NEW YORK (AP) — The New York Stock Exchange, scarred by outrage over an eye-popping pay package for its chairman, named a former Citigroup executive as its interim leader yesterday at a salary of $1.
John S. Reed, 64, will lead the exchange as it seeks a permanent replacement for Dick Grasso, who was forced out by news that his compensation deal totaled $187.5 million — a figure seen as excessive even by Wall Street standards.
“Over the last couple of weeks we’ve had some failures at the governance level,” Mr. Reed told reporters in a conference call from an island off France, where he was vacationing when the NYSE board offered him the job as interim chairman and chief executive.
Mr. Reed, who was co-chairman and co-CEO of Citigroup when he retired in April 2000, declined to discuss Mr. Grasso, but acknowledged the need for reform.
“I have seen crises that are quite comparable to the one the exchange has gone through,” he said. “It didn’t help anybody.

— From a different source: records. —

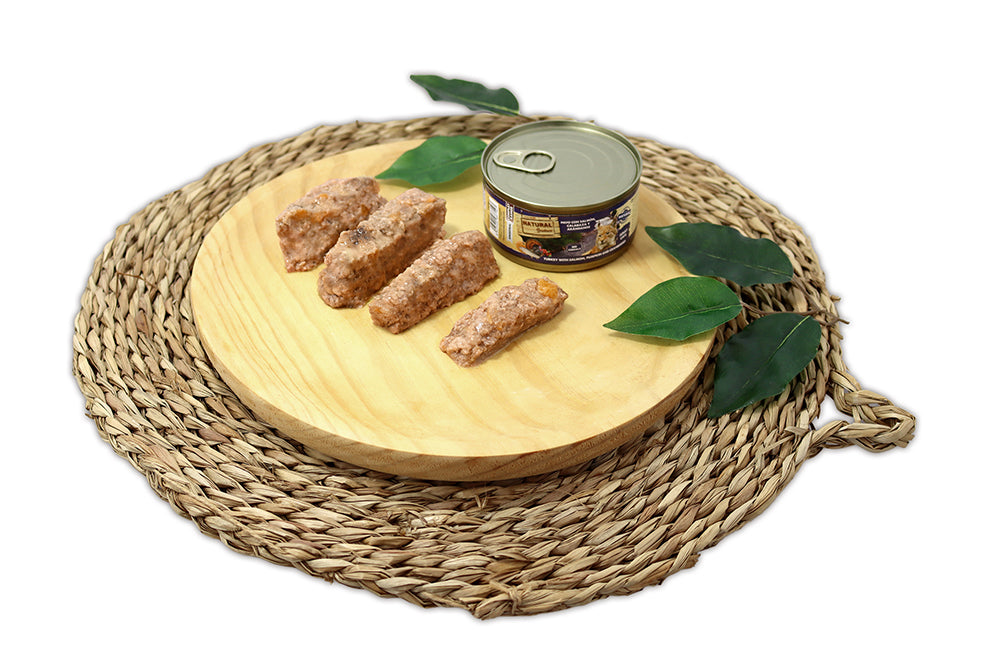 Natural Greatness Boîte GF Chat Dinde Au Saumon 185g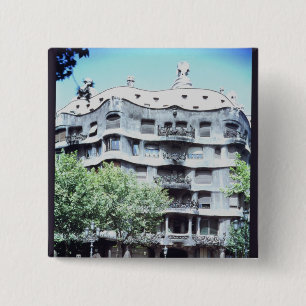 La Pedrera or Casa Mila, 1905-10 2 Inch Square Button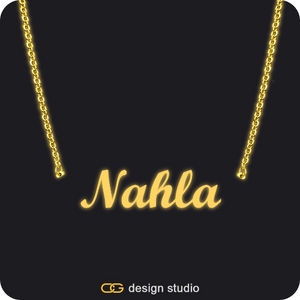 The Essential Name Necklace: Glitter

It didn’t help the people that were involved. It didn’t help the exchange.”
Mr. Reed, who insisted he was not a candidate for the permanent position, said he hoped the exchange would have a new leader by the end of the year. The NYSE will pay him $1 no matter how long he serves.
Although Mr. Reed spent more than 35 years at Citi, he had set foot inside the NYSE only once and never sat on an NYSE committee — a background that observers called key because of the pressure on the exchange to clean house.
Mr. Reed said he would resign his seat on the board of Altria Group Inc., parent of tobacco company Philip Morris, because of his new responsibilities.
Mr. Reed will take over at the stock exchange on Sept. 30.